Wednesday, November 14, 2012


Swaziland’s Prime Minister Barnabas Dlamini told the House of Assembly that MPs needed a workshop so they could understand what their responsibilities were.

He told them that they did not understand the principle of ‘separation of powers’ between the executive (government ministers and their departments), the legislative (parliament) and the judiciary (judges and the courts).

He said parliament had an important responsibility but seemingly, it overlapped sometimes with his government, the Swazi Observer newspaper reported him saying. What he meant was he did not want parliament interfering with his decisions.

The newspaper reported, ‘Dlamini said there needed to be a clarification on the separation of powers of the three arms so that none of them got in the way for the other, thus making the operation of government smooth in as far as that was concerned.’

But, Dlamini fails to acknowledge that in Swaziland any workshop on separation of powers is irrelevant. This is because Section 64 (1) of the Swaziland Constitution says that the executive authority of Swaziland rests in the king as head of state.

S11 of the constitution goes on to state that the king cannot be questioned in court, so this means his decisions cannot come under judicial scrutiny. Since King Mswati III has executive authority and his decisions cannot be overruled by the courts, this makes him an absolute monarch.

This has been demonstrated many times in Swaziland, most recently last month when Prime Minister Dlamini lost a vote of confidence in the House of Assembly. According to the constitution, King Mswati was required to sack him, but he chose not to do so and Dlamini remains in power.

The supremacy of the monarch is not in doubt, but it is not talked about much in Swaziland.

Prime Minister Dlamini is not the only major figure in Swaziland to misrepresent the status of separation of powers; the Attorney General (AG) Majahenkhaba Dlamini did the same in January 2008, when he claimed in a speech that separation of powers were enshrined in the constitution and that the executive (government ministers) was ‘first among equals’ in the three branches of government.

The Swaziland Lawyers for Human Rights made several important criticisms of the AG’s at the time and in doing so gave an excellent account of just how undemocratic a state Swaziland is. 

In a statement the lawyers said the King and iNgweyama (his Mother) had a special and revered role in Swazi traditional law and custom to such an extent that Swazi custom dictates that ‘the King cannot tell a lie’.

‘This is not a prohibition of royal falsehoods but a statement on how truth and reality are recognized in Swazi Traditional Law.

‘The King and iNgweyama also has an elevated role under the Swazi Constitution where under section 11 he cannot be questioned in court and therefore his decisions cannot come under judicial scrutiny either.

‘Therefore it follows that our Executive is not first among equals but first among strongly weighted unequals.’

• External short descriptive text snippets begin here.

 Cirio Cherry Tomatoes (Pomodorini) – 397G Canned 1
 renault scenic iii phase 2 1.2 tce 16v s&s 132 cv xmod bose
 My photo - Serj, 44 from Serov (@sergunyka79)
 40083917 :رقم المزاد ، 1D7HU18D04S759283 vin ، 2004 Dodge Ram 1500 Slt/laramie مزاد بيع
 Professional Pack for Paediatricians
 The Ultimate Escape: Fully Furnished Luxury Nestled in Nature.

The lawyers continued, ‘The Attorney General [says] that the separation of powers can be found in the constitution. We strongly contest that assertion. Separation of powers is a philosophy of providing checks and balances between the three branches of government: the executive (government ministers and their departments), the legislative (parliament) and the judiciary (judges and the courts).

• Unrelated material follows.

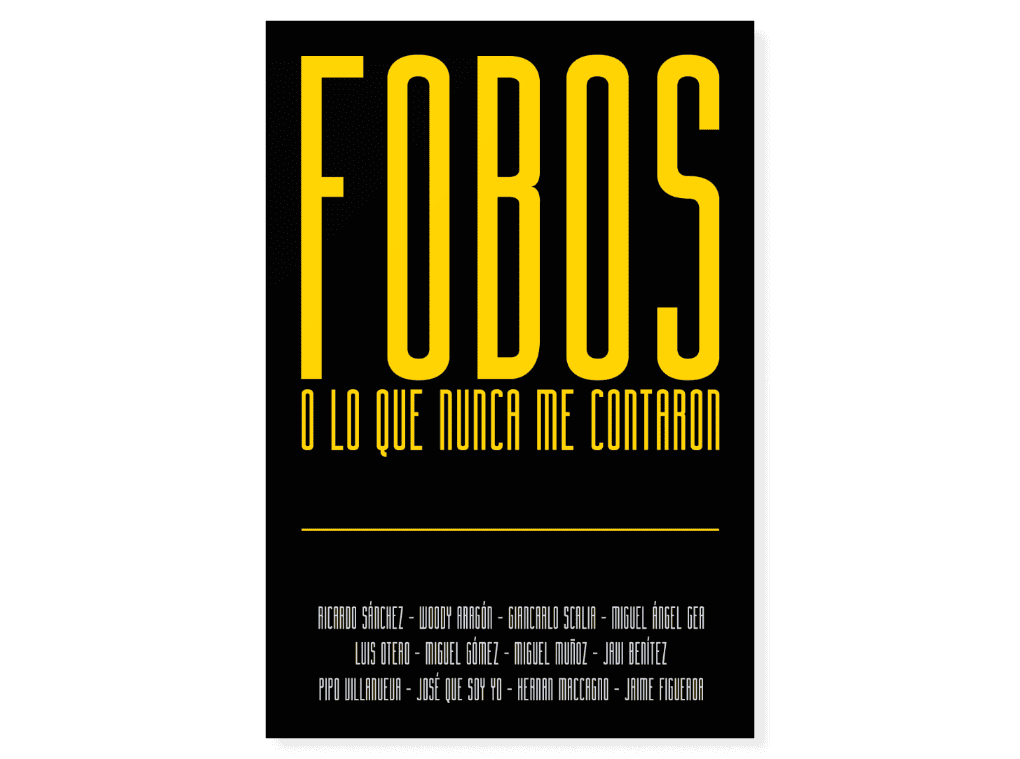 Fobos o lo que nunca me contaron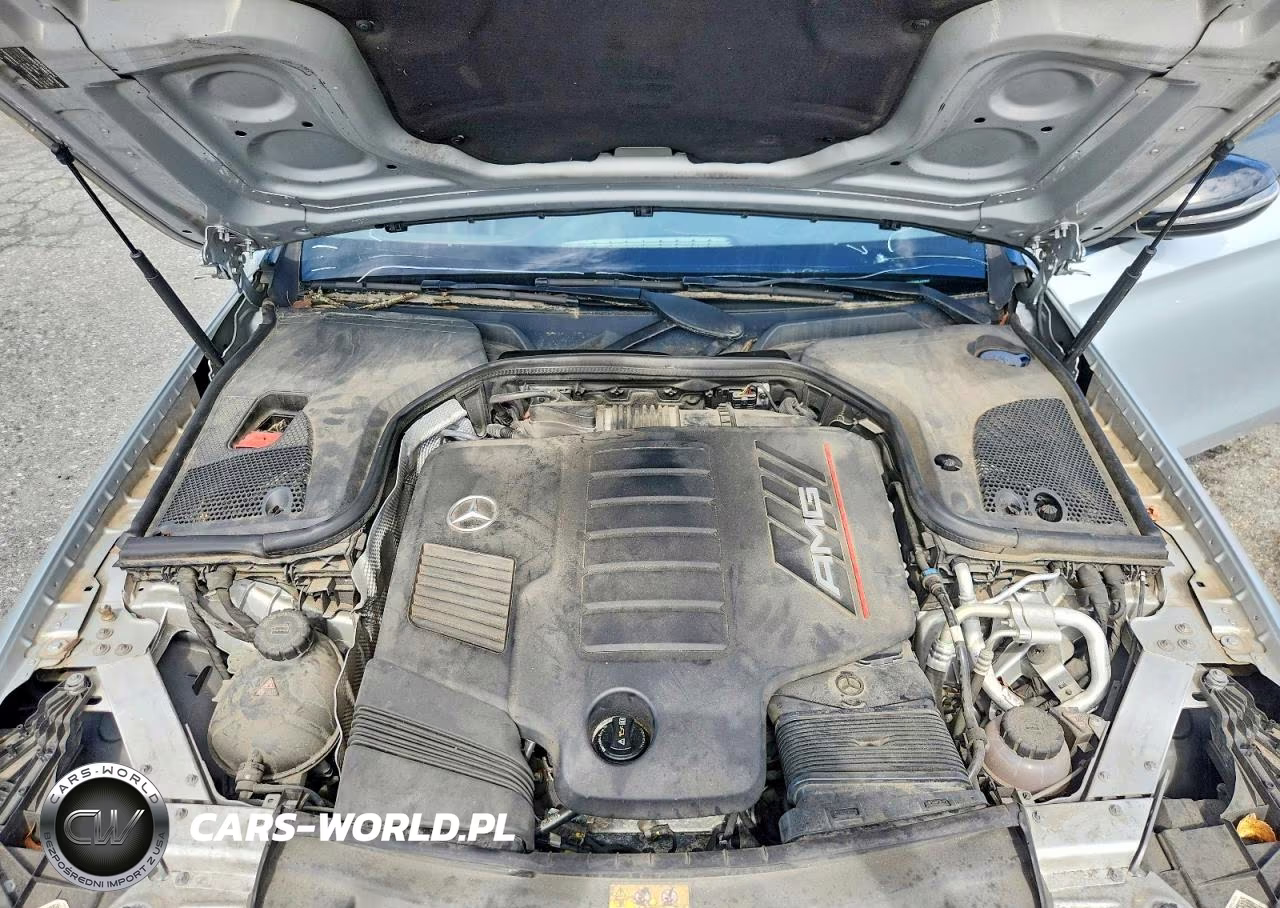 2020 Mercedes-Benz E Amg 53 4Matic VIN:W1KZF6BB5LA810767 - 11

‘In theory, it distributes the power of the state between these three branches and maintains a healthy tension of oversight and accountability between them.

‘In a democracy that practices separation of powers the ultimate power rests in the will of the people, and so parliament and the legislature become the final arbiter of how the country is governed - not the executive.

‘We have already seen that in Swaziland the King has supreme executive authority. Let us look at parliamentary authority in Swaziland today. Section 106(a) of the Constitution says ‘the supreme legislative authority of Swaziland vests in the King-in-Parliament’.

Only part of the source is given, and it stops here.